We have just proven the Singular Value Decomposition theorem. Let’s state it again formally:
Singular Value Decomposotion Theorem: Let \(X\) be any \(n \times p\) matrix. Then we can find a factorization \(X = U \Sigma V^\top\) where
- \(V\) is an orthogonal \(p \times p\) matrix (its columns form an orthonormal basis of \(\mathbb{R}^p\)).
- \(U\) is an orthogonal \(n \times n\) matrix (its columns form an orthonormal basis of \(\mathbb{R}^n\)).
- \(\Sigma\) is a \(n \times p\) matrix which has zero entries everywhere but the diagonal \(\Sigma_{jj} = \sigma_j \geq 0\).
Note: there are several slight variants of the SVD. One we will use in this post is the “compact SVD”. Here we only take the \(r = \textrm{Rank}(X)\) left and right singular vectors with non-zero singular values. So we get the decomposition
\[X = U_r \Sigma_r V_r^\top\]where \(V_r\) is an \(p \times r\) matrix, \(\Sigma_r\) is an \(r \times r\) diagonal matrix with positive values along the diagonal, and \(U_r\) is an \(n \times r\) matrix.
Understanding how our “basis building” intuition corresponds to the matrix factorization.
I think it is worth breaking down the expression
\[X = U \Sigma V^\top\]to really understand what each part is doing. I will “reconstruct” this formula using the basis vectors we found in the proof.

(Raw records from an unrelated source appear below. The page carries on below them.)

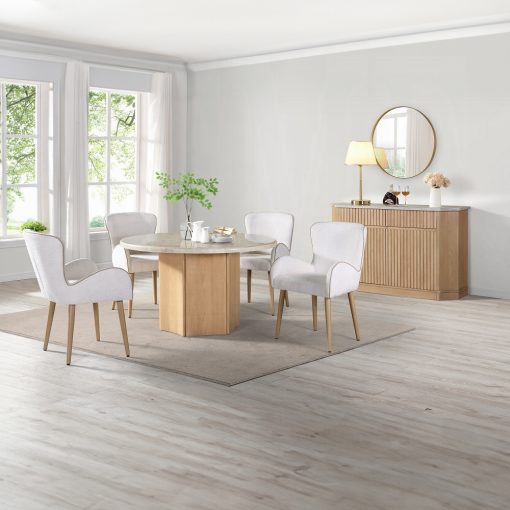 Acme Qwin Gray Fabric & Weathered Gray Oak Round Dining Table with Marble Top - Image 7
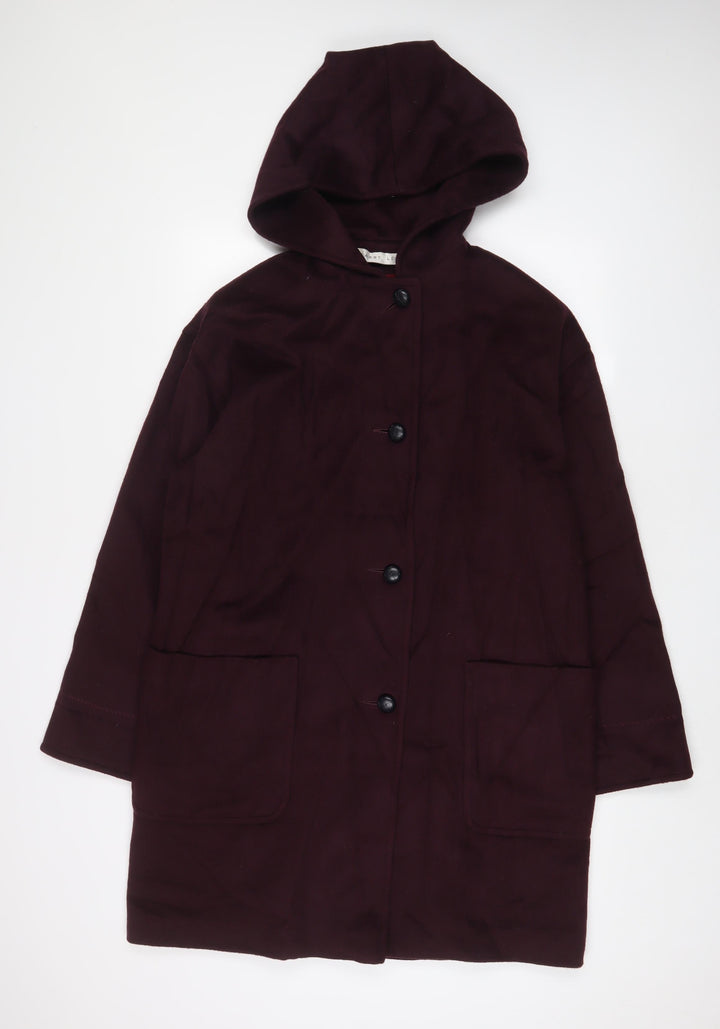 Larry Levine Womens Purple Overcoat Coat Size 6 Button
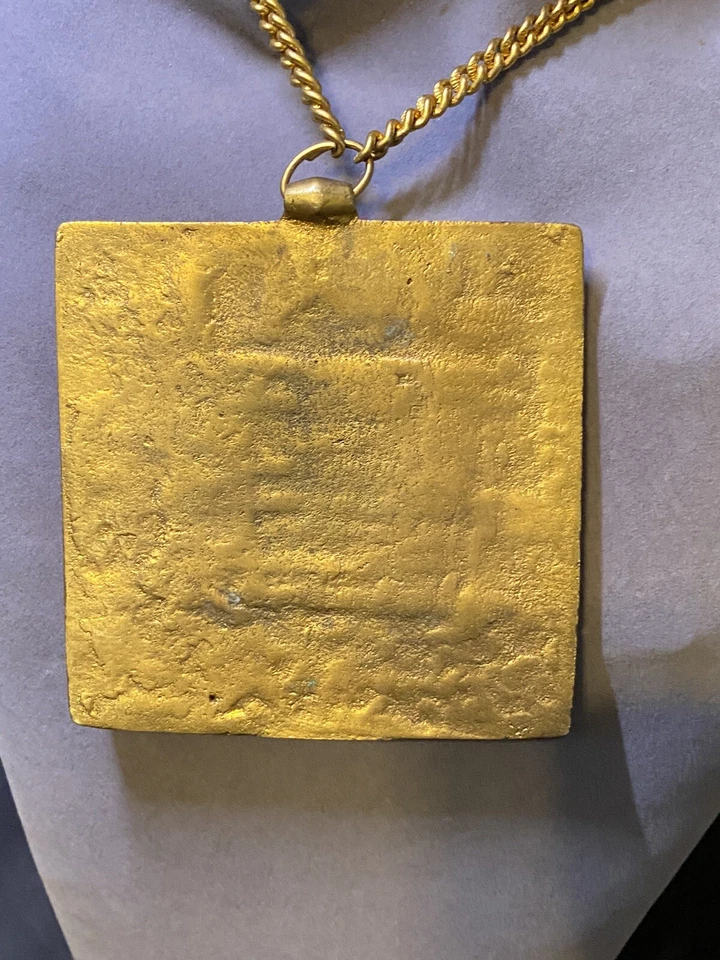 "Antiguo colgante amuleto zodiaco de latón tibetano en cadena de 28""" Foto 3 de 4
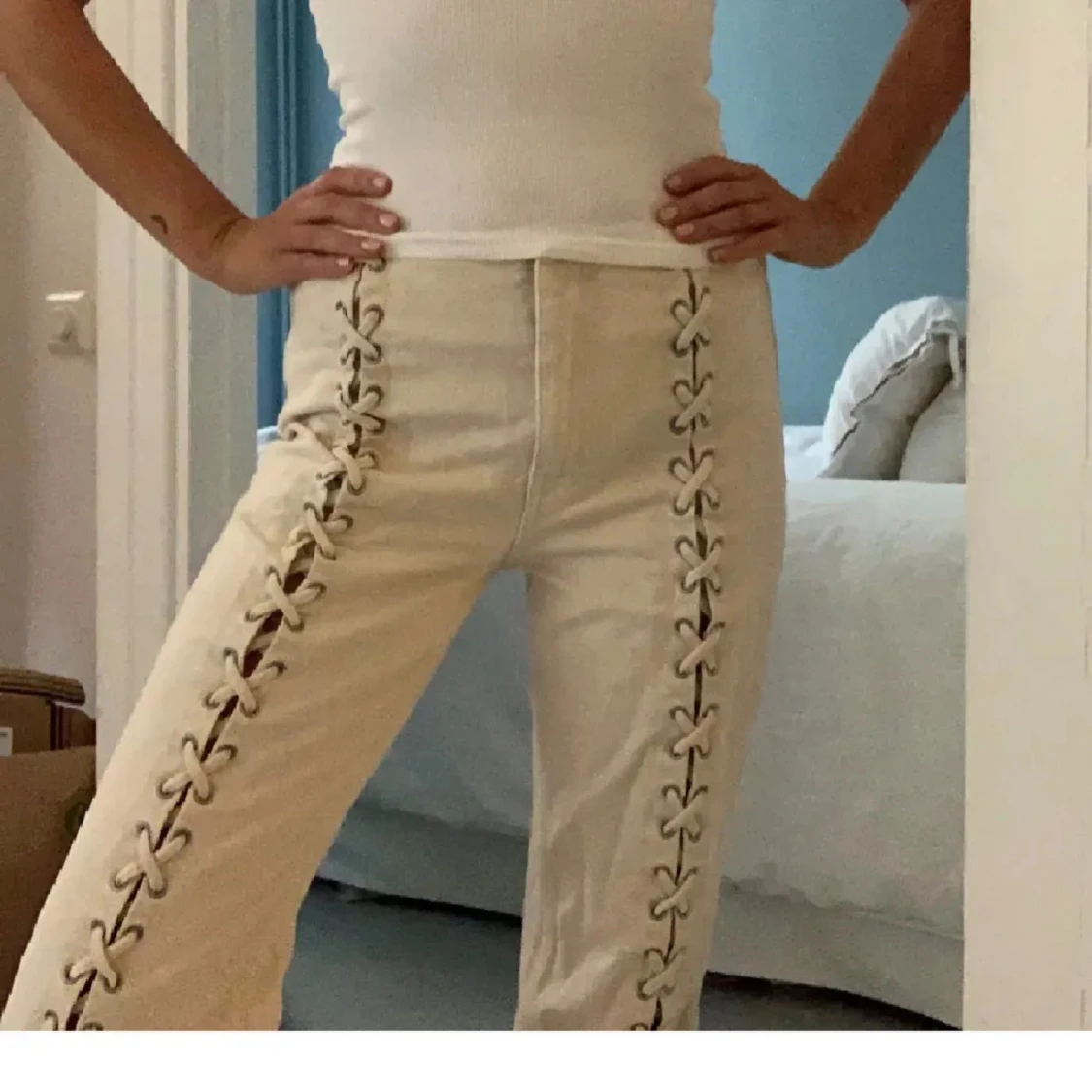 Jeans med knytning - 1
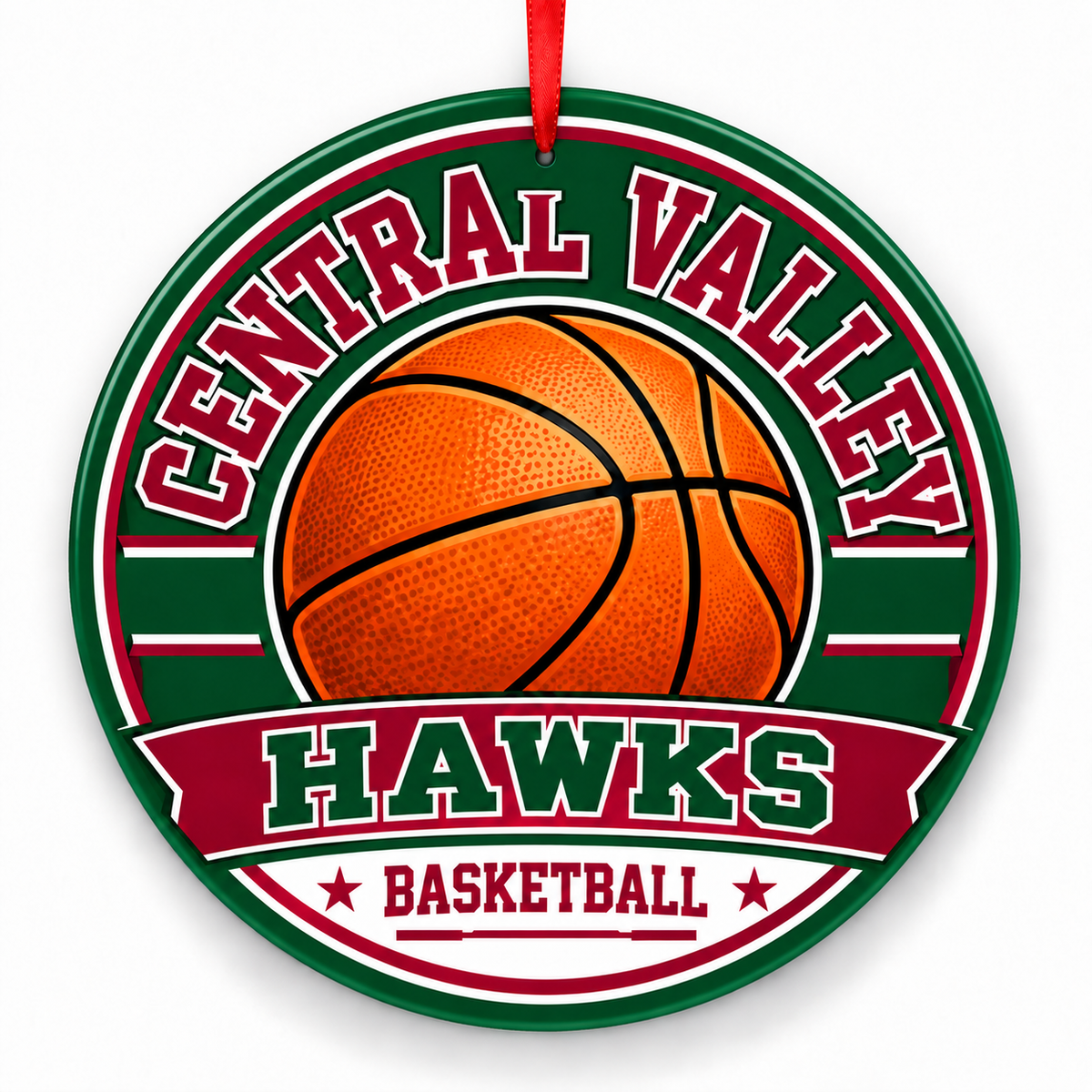 Central Valley High School Hawks basketball Christmas ornament mockup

Let \(\vec{\beta}\) be any vector in \(\mathbb{R}^p\).
Since the \(\vec{v}_j\) form an orthonormal basis of \(\mathbb{R}^p\), it is easy to express \(\vec{\beta}\) in this basis: we just have
\[\vec{\beta} = (\vec{v}_1 \cdot \vec{\beta}) \vec{v_1} + (\vec{v}_2 \cdot \vec{\beta}) \vec{v_2} + \dots + (\vec{v}_p \cdot \vec{\beta}) \vec{v_p}\]We can compute the vector of coefficients using \(V^\top\):
\[\begin{align*} \begin{bmatrix} \vec{v}_1 \cdot \vec{\beta} \\ \vec{v}_2 \cdot \vec{\beta} \\ \vdots\\ \vec{v}_p \cdot \vec{\beta} \\ \end{bmatrix} &= \begin{bmatrix} \vec{v}_1^\top \vec{\beta} \\ \vec{v}_2^\top \vec{\beta} \\ \vdots\\ \vec{v}_p^\top \vec{\beta} \\ \end{bmatrix}\\ &= \begin{bmatrix} - & \vec{v}_1^\top & - \\ - & \vec{v}_2^\top & - \\ \vdots & \vdots & \vdots \\ - & \vec{v}_p^\top & - \\ \end{bmatrix} \vec{\beta}\\ &= V^\top \vec{\beta} \end{align*}\]If we apply \(X\) to \(\vec{\beta}\) expressed in this basis we get
\[\begin{align*} X(\vec{\beta}) &= X (\vec{v}_1 \cdot \vec{\beta}) \vec{v_1} + (\vec{v}_2 \cdot \vec{\beta}) \vec{v_2} + \dots + (\vec{v}_p \cdot \vec{\beta}) \vec{v_p} \\ &= (\vec{v}_1 \cdot \vec{\beta}) X(\vec{v_1}) + (\vec{v}_2 \cdot \vec{\beta}) X(\vec{v_2}) + \dots + (\vec{v}_p \cdot \vec{\beta}) X(\vec{v_p}) \\ &= \sigma_1(\vec{v}_1 \cdot \vec{\beta}) \vec{u_1} + \sigma_2(\vec{v}_1 \cdot \vec{\beta}) \vec{u_2} + \dots + \sigma_p(\vec{v}_p \cdot \vec{\beta}) \vec{u_p} + 0 \vec{u}_{p+1} + \dots + 0 \vec{u}_n\\ \end{align*}\]We already computed that the “vector of coefficients of \(\vec{\beta}\) when expressed in the basis of right singular vectors” was \(V^\top \vec{\beta}\).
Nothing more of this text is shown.